Detect potential exploitation attempts (such as code injection, cross-site scripting, SQL injection, and template injection) using NeMo Platform.

## About Injection Detection

Injection detection is primarily intended for agentic systems as part of a defense-in-depth strategy.

The first part of injection detection is [YARA rules](https://yara.readthedocs.io/en/stable/index.html).
A YARA rule specifies a set of strings (text or binary patterns) to match and a Boolean expression that specifies the rule logic.
YARA rules are familiar to many security teams and are easy to audit.

The second part of injection detection is choosing an action when a rule is triggered.
You can choose to *reject* the response and return a refusal such as:
"I'm sorry, the desired output triggered rule(s) designed to mitigate exploitation of \{detections}."
Rejecting the output is the safest action and most appropriate for production deployments.
As an alternative, you can *omit* the triggering text (masks the offending content).

## About the Tutorial

This tutorial demonstrates how to configure basic YARA rules that are part of the NeMo Guardrails toolkit.
You can view the default rules in the [yara\_rules directory](https://github.com/NVIDIA-NeMo/Guardrails/tree/develop/nemoguardrails/library/injection_detection/yara_rules).
The default rules support SQL injection, cross-site scripting (XSS), Jinja template injection, and Python code that uses shells, networking, and more.
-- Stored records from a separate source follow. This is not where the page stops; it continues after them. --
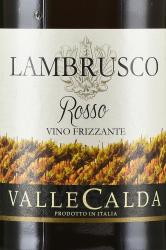 Valle Calda Rosso Amabile Lambrusco IGT - игристое вино Валле Кальда Красное Полусладкое 0.75 л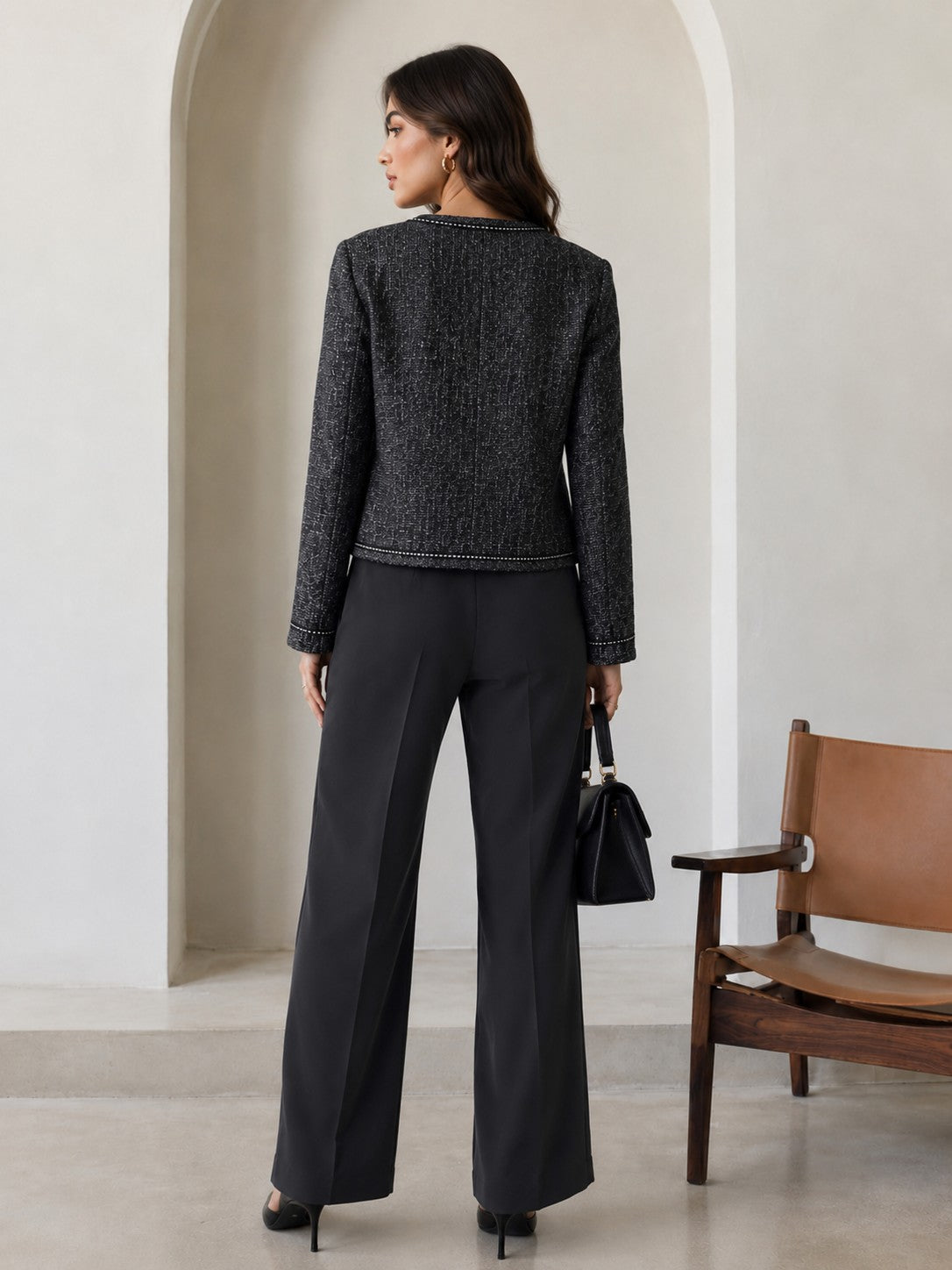 Midnight Elegance Textured Women’s Jacket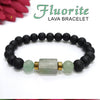 Fluorite Matte Tumble Bracelet With Lava Stone And Golden Hematite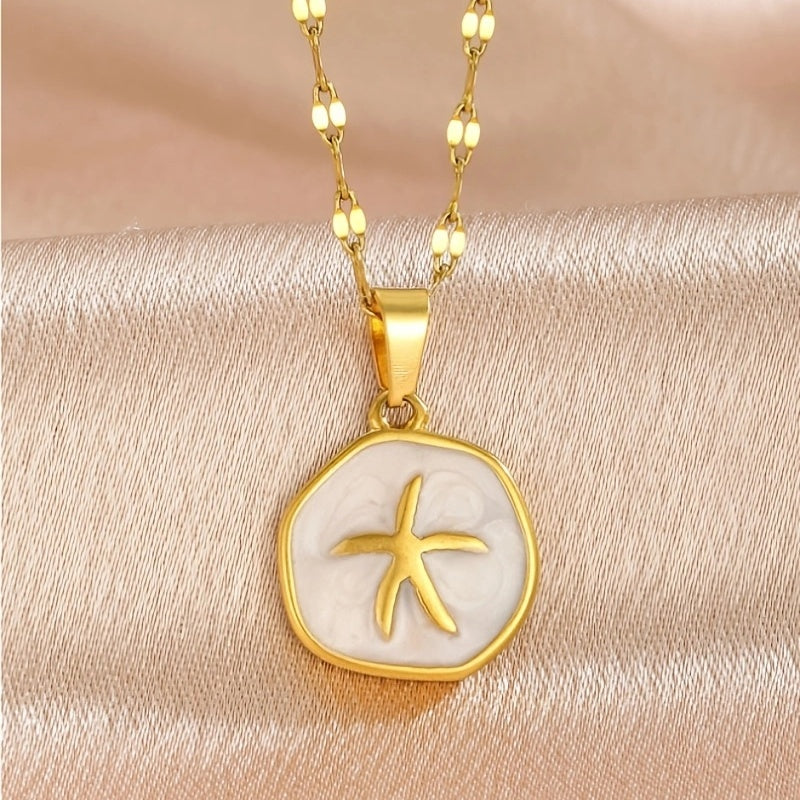 Gold-Tone Organic Starfish Enamel Necklace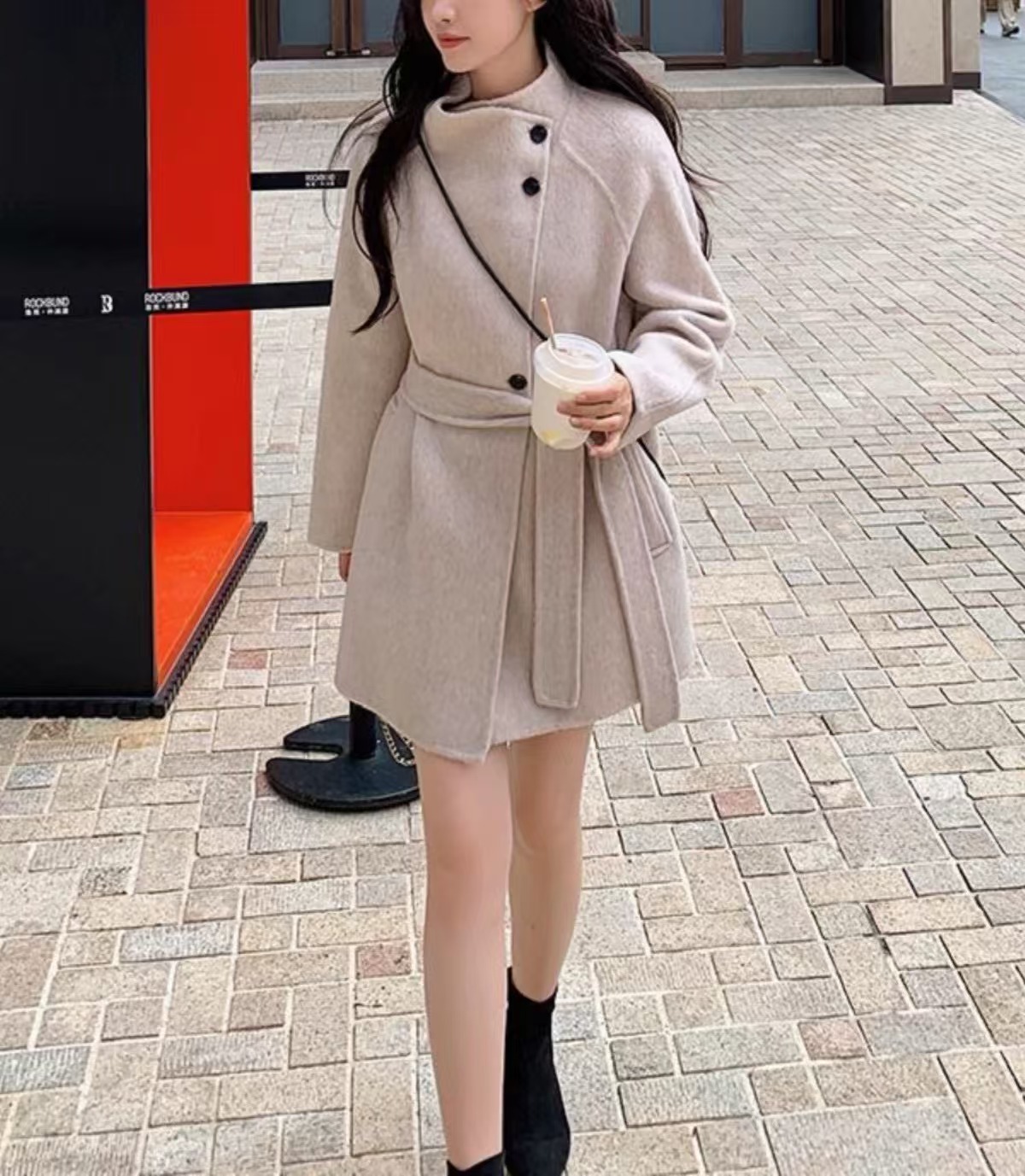 YIBEI ｜中长款双面手缝羊绒冬季大衣立领配包气质-1274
For the main model, this tutorial uses the [Llama-3.1-8B-Instruct](https://build.nvidia.com/meta/llama-3_1-8b-instruct) NIM.

## Prerequisites

Before you begin:

* You have access to a running NeMo Platform.
* `NMP_BASE_URL` is set to the NeMo Platform base URL.
* A `ModelProvider` is configured with an LLM provider. Follow [Setup](/documentation/get-started) if you haven't done this yet.

This tutorial uses the following NIM, available on `build.nvidia.com`:

* `main` model: `meta/llama-3.1-8b-instruct`

***

## Step 1: Configure the Client

Instantiate the platform client.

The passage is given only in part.